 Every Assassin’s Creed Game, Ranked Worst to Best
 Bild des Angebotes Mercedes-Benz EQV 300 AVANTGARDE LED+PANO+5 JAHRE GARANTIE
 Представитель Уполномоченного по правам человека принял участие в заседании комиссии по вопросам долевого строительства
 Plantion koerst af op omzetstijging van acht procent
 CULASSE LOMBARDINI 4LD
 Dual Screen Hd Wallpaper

------------------------

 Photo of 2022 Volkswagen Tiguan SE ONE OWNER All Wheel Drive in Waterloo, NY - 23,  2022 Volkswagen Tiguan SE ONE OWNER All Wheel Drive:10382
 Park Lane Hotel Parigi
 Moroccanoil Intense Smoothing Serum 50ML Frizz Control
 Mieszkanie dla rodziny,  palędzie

------------------------

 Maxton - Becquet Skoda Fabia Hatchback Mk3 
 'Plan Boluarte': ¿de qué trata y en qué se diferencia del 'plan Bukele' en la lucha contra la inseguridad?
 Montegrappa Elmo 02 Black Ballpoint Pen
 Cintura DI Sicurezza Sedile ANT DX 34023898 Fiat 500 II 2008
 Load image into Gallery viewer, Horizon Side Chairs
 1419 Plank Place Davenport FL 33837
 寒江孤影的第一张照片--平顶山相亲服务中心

------------------------

TASK REQUIREMENTS
With the line that has "Every Assassin’s Creed" as the first and the line that has "Dual Screen Hd Wallpaper" as the last, repeat exactly that run of lines above and no more.

ANSWER SECTION
 Every Assassin’s Creed Game, Ranked Worst to Best
 Bild des Angebotes Mercedes-Benz EQV 300 AVANTGARDE LED+PANO+5 JAHRE GARANTIE
 Представитель Уполномоченного по правам человека принял участие в заседании комиссии по вопросам долевого строительства
 Plantion koerst af op omzetstijging van acht procent
 CULASSE LOMBARDINI 4LD
 Dual Screen Hd Wallpaper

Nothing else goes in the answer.